# TASK STATEMENT:
As the answer, return precisely the lines from the one containing "CRQ57 15.5 inches" to the final line of the material below, inclusive, and omit every picture.

** INFORMATION SUPPLIED follows **

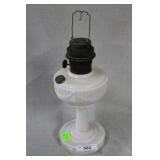 Pink Satin glass oil lamp with ribbon design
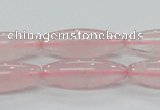 CRQ57 15.5 inches 10*30mm rice natural rose quartz beads wholesale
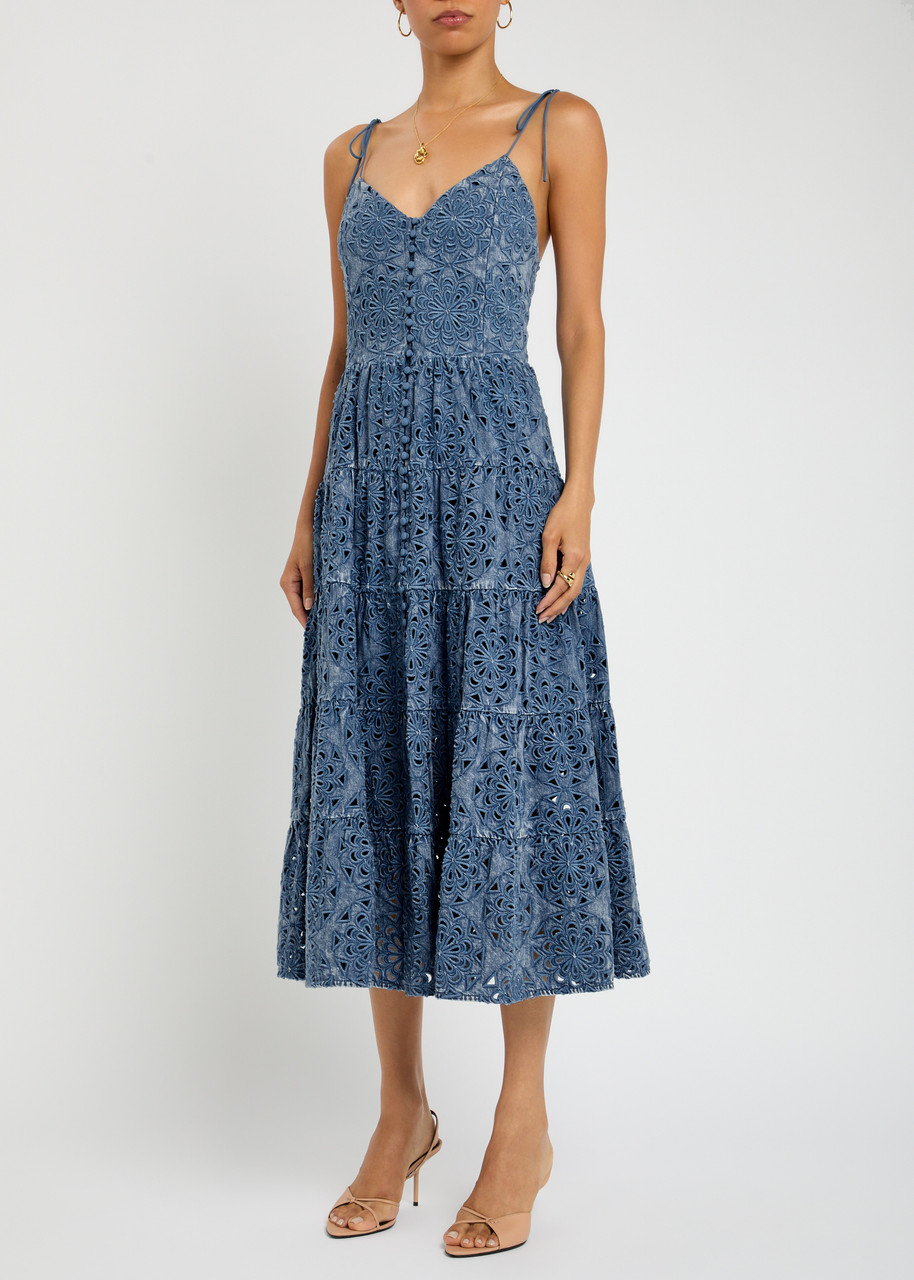 Alice And Olivia Alice + Olivia Shanti Embroidered Chambray Midi Dress In Blue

** End of INFORMATION SUPPLIED **

# ANSWER TO THIS PROBLEM:
 CRQ57 15.5 inches 10*30mm rice natural rose quartz beads wholesale
 Alice And Olivia Alice + Olivia Shanti Embroidered Chambray Midi Dress In Blue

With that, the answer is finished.